Chan learns that the canal's Miraflores locks are to be blown up at ten that night. Chan then sequesters the suspects at the plant, forcing Miss Finch to expose herself as Reiner in order to escape death. With Reiner under arrest, the fleet sails safely through the locks to protect democracy. Chan then reveals he had previously defused her explosive device.

==Cast==
- Sidney Toler as Charlie Chan
- Jean Rogers as Kathi Lenesch
- Lionel Atwill as Cliveden Compton
- Mary Nash as Miss Jennie Finch
- Victor Sen Yung as Jimmy Chan (as Sen Yung)
- Kane Richmond as Richard Cabot
- Chris-Pin Martin as Sergeant Montero
- Lionel Royce as Dr. Rudolph Grosser
- Helen Ericson as Stewardess
- Jack La Rue as Emil Manolo
- Edwin Stanley as Governor D.C. Webster
- Donald Douglas as Captain Lewis
- Frank Puglia as Achmed Halide
- Addison Richards as R.J. Godley
- Edward Keane as Dr.
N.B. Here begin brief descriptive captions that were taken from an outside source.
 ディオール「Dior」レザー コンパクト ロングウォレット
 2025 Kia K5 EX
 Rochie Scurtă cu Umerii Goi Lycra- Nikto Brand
Fredericks
- Charles Stevens as Native Fisherman

==Critical reception==
Film critic Bosley Crowther wrote in The New York Times that "While other members of the cast fall around him like flies, Charlie Chan proceeds in his customary leisurely fashion to unravel the mystery [...] attended by a great deal of talk in the currently modish style of 'Confucious say' and by the usual number of murders". Writing in DVD Talk, film critic Stuart Galbraith IV described the film as "lacquered with heavy swaths of propaganda," "rather generic," and "rather predictable," but "interesting for the way it acknowledges [World War II] without ever naming any of the major players," and noted that "the way he (Charlie's Number-Two son) keeps blowing Charlie's cover from film-to-film you begin to wonder just whose side he's on."